Setting up the model gateway programmatically

Store configuration details for various model providers in IBM Cloud Secrets Manager and then add models by using an API that is compatible with OpenAI.

Before you begin

Generate credentials to authenticate with watsonx.ai APIs. For details, see Generating a bearer token.
Get credentials for each supported model provider that you plan to use.
Get the list of available model providers and their UUIDs. For details, see Listing providers and models.

Procedure

Define and create a secret in the IBM Software Hub vault for a model provider that you want to configure. If you use an external vault, specify the arguments for the model provider when you create the secret. For more information, see Managing secrets and vaults.

The following table shows the configuration requirements for each supported model provider. For more details, see the respective provider’s inference documentation.

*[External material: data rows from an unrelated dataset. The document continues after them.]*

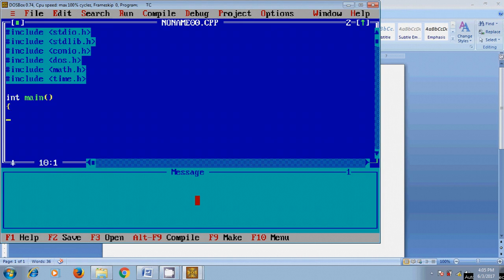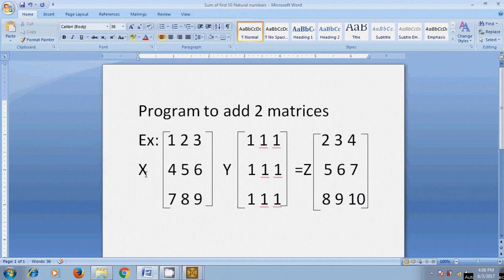First, we need to define two matrices of three by three. So, integer X[3][3] and Y[3][3]. And also, I want to define a few more variables: i and j. In the matrix, i value varies from 0 to 2 row-wise, and j varies from 0 to 2 column-wise.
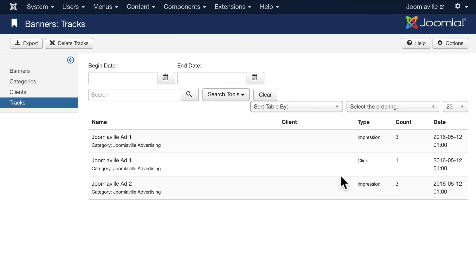So if a simple banner rotation system is what you're looking for for a client or for yourself, well then the banner component is really helpful.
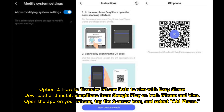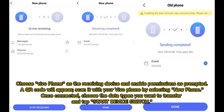Option 2: How to transfer iPhone data to Vivo with EasyShare. Download and install EasyShare from Google Play on both iPhone and Vivo. Open the app on your iPhone, tap the two-arrow icon, and select Old Phone. Choose Vivo Phone as the receiving device and enable permissions as prompted. A QR code will appear — scan it with your Vivo Phone by selecting New Phone. Once connected, choose the data types you want to transfer and tap Start Device Switch.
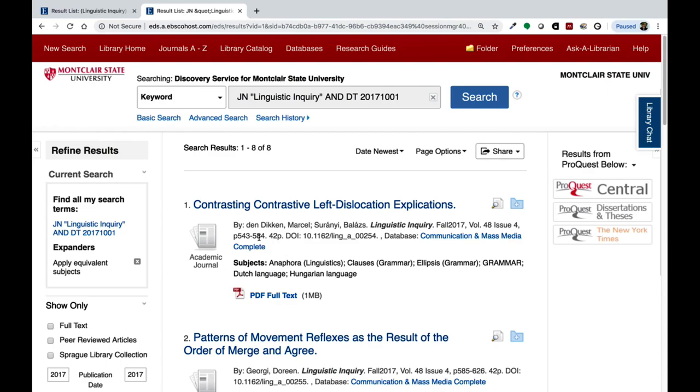You can locate the specific article either by title or by page number. If you have any questions on using the journals A to Z page, be sure to use the Ask a Librarian service on the library homepage.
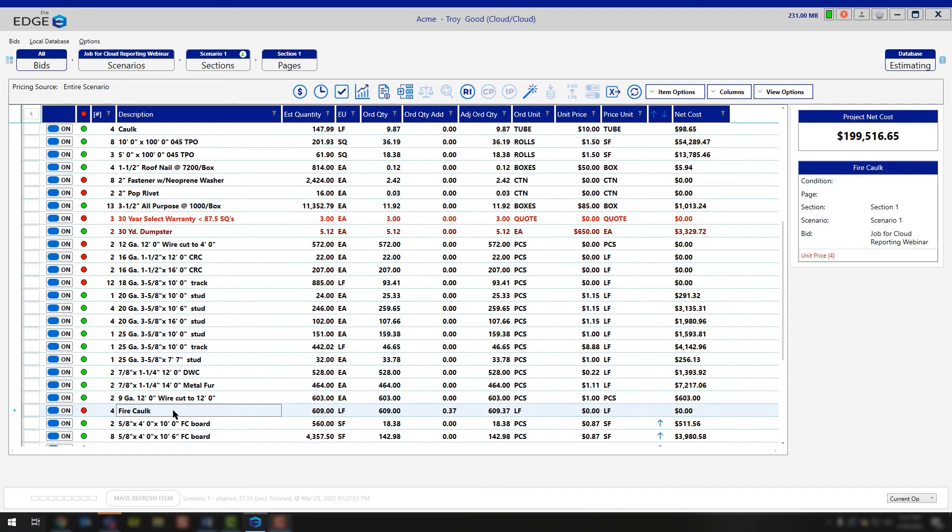This is how you can utilize the Replace Tilde Code tool from the pricing screen to help you quickly update multiple occurrences of an item inside of your project. If you have any additional questions as it pertains to the Replace Tilde Code tool, please reach out to our tech support team and they'd be happy to assist you in any way they can. Thank you for watching and have a great rest of your day.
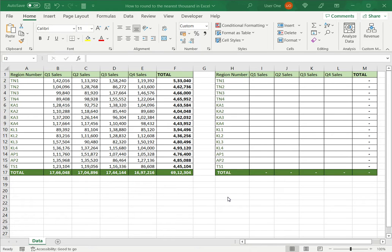Welcome to another Spreadcheaters video guide. You can find written instructions for these steps on the Spreadcheaters website. In this video we'll see how to round to the nearest thousand in Excel.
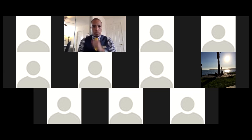So with that being said, we are going to begin by sharing my screen.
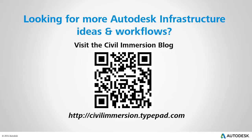Would you like to explore other Autodesk infrastructure ideas and workflows? If so, please visit the Civil Immersion blog by scanning the QR code or by following the URL listed below.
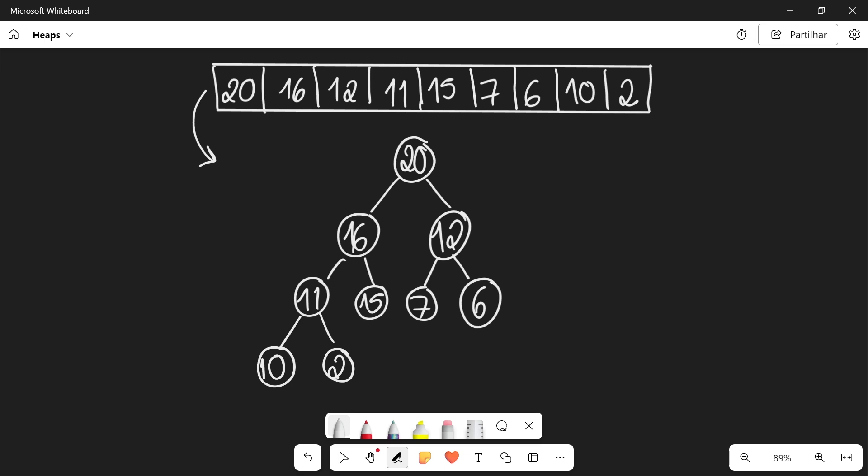Well, first of all, we know that the root has the biggest element. So we're actually going to remove the element of the root and we're going to exchange it with the last element of the heap, which in this case is going to be 2.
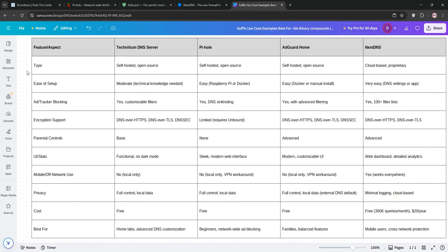Your choice depends on what you value, total control, simplicity, family features, or portability. Check out the comparison chart below for a quick breakdown and visit each tool's website to dive deeper. I'd love to hear which one you're leaning towards, so please let me know in the comments and let's talk about it together.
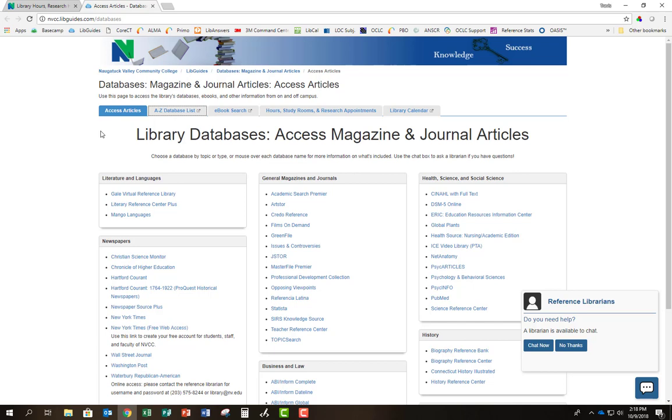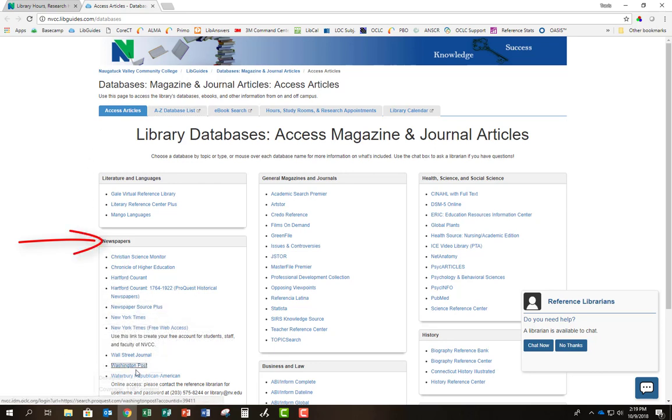If you're looking for information about current events, you'll want to start your search with newspaper databases, such as the New York Times, Washington Post, or Wall Street Journal.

Table 1. Supported model providers keys that are needed to set up their secrets
Provider name	Required arguments	Optional arguments	Notes
OpenAI	• `apikey`	• `base_url`	–
IBM watsonx.ai	• `base_url`	• `apikey` • `project_id` • `space_id` • `auth_url` • `api_version`	Supports `project_id`, `space_id` per-request auth via headers (`X-IBM-Project-Id`, `X-IBM-Space-Id`)
Azure OpenAI	• `apikey` • `resource_name` • `api_version`	• `subscription_id` • `resource_group_name` • `account_name`	`api_version` defaults to `2024-10-21`; subscription/resource group/account needed for model listing
Anthropic	• `apikey`	–	–
AWS Bedrock	• `access_key_id` • `secret_access_key` • `region`	• `session_token` • `base_url`	–
Cerebras	• `apikey`	–	–
Cohere	• `apikey`	–	–
Groq	• `apikey`	–	–
Mistral	• `apikey`	–	–
NVIDIA NIM	• `apikey`	–	–
Ollama	• `host`	• `keep_alive` • `clean_on_close`	Self-hosted/local deployment; no authentication; uses custom Ollama API format (not OpenAI-compatible); `keep_alive` defaults to 5 minutes
xAI	• `apikey`	–	–
Google Gemini	• `apikey`	–	–

Set the environment variable Vault_URN. You can copy the Vault_URN from the Administration > Configurations and settings > Vaults and secrets page by clicking the Copy icon next to your secret name. For example, see the following command:

export Vault_URN="<user-id>:<secret-name>"

Run the following REST API request to configure a model provider:

  curl -sS https://cpd-<namespace-name>.apps.<OCP-domain>/ml/gateway/v1/providers/<provider> \
    -H "Authorization: Bearer ${TOKEN}" \
    -H "Content-Type: application/json" \
    -d "$(jq -n \
      --arg resource "${Vault_URN}" \
      --arg name "<custom-name-for-provider>" \
      '{name: $name, data_reference: {resource: $resource}}')"

If the internal vault is enabled, you can also configure credentials directly by running the following command:

  curl --request POST \
    --url https://cpd-<namespace-name>.apps.<OCP-domain>/ml/gateway/v1/providers/<provider>  \
    -H 'Authorization: Bearer ${TOKEN}' \
    -H 'Content-Type: application/json' \
    --data '{
    "data": {
      "apikey": "<model-provider-api-key>"
    },
    "name": "<custom-name-for-model-provider>"
  }'

After a model provider is added, you can add models from that provider by using the provider’s UUID and the model’s ID in the request. The model ID must be an existing unique identifier that is recognized by the provider. Since some models are available from multiple providers, you can use model aliases, which are custom names that reference models instead of using their model IDs. For example, see the following command:
```
curl -X POST "https://cpd-<namespace-name>.apps.<OCP-domain>/ml/gateway/v1/providers/${PROVIDER_UUID}/models" \
  -H "Content-Type: application/json" \
  -H "Authorization: Bearer ${TOKEN}" \
  -d '{ "alias": "<custom-name-for-model>", "id": "<model_id>"}'
```
For more details on each supported model provider, see the watsonx.ai API reference documentation.

What to do next

You can now send requests to models through the model gateway. For details, see Inferencing gateway models. You can also manage existing connections and models, enable load balancing, create access policies, and set rate limits.